Introduction:
In this question, we are asked to calculate the temperature at which the root mean square velocity of O2 gas is equal to the most probable velocity of Ne (20 g mol-1).

Formula:
The root mean square velocity of a gas is given by the formula:
v_rms = √(3kT/m)
where k is the Boltzmann constant, T is the temperature in Kelvin, and m is the molar mass of the gas.

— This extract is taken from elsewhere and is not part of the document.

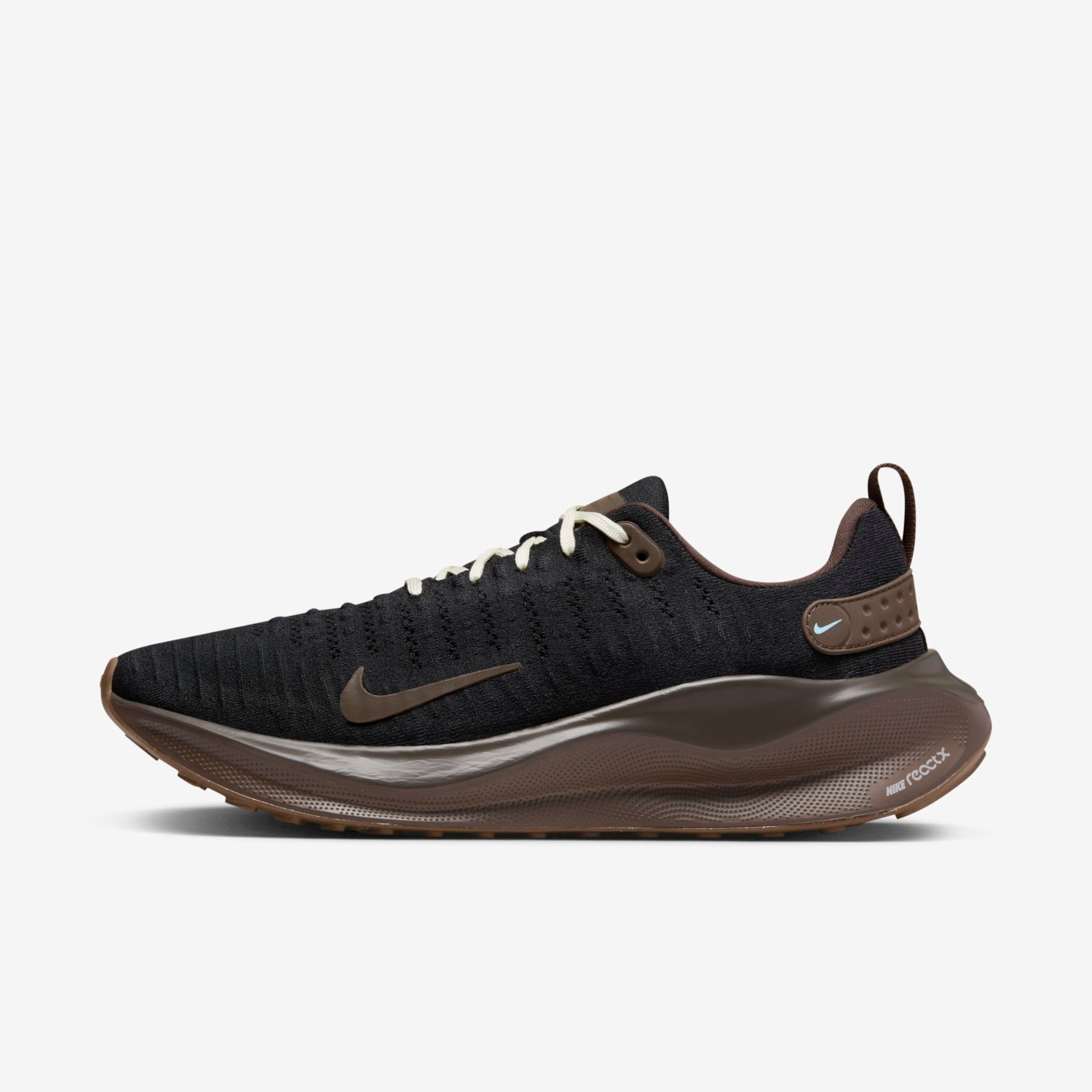 Tênis Nike React Infinity Run 4 Masculino - Foto 1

The most probable velocity of a gas is given by the formula:
v_mp = √(2kT/m)

Calculation:
Molar mass of O2 = 32 g mol-1
Molar mass of Ne = 20 g mol-1

Let's assume the temperature at which the root mean square velocity of O2 is equal to the most probable velocity of Ne to be T°C.

The velocity of O2 (v_rms) at T°C can be calculated as follows:
v_rms = √(3k(T+273)/m)
v_rms = √(3 x 1.38 x 10^-23 x (T+273)/(32/1000))
v_rms = 4.87 x 10^2 √(T+273)

The velocity of Ne (v_mp) at T°C can be calculated as follows:
v_mp = √(2k(T+273)/m)
v_mp = √(2 x 1.38 x 10^-23 x (T+273)/(20/1000))
v_mp = 5.37 x 10^2 √(T+273)

Now, equating these two velocities, we get:
4.87 x 10^2 √(T+273) = 5.37 x 10^2 √(T+273)

Squaring both sides, we get:
2.37 x 10^5(T+273) = 2.89 x 10^5(T+273)

Simplifying, we get:
T = 8°C

Conclusion:
Therefore, the temperature at which the root mean square velocity of O2 gas at 300 K is equal to the most probable velocity of Ne (20 g mol-1) is 8°C.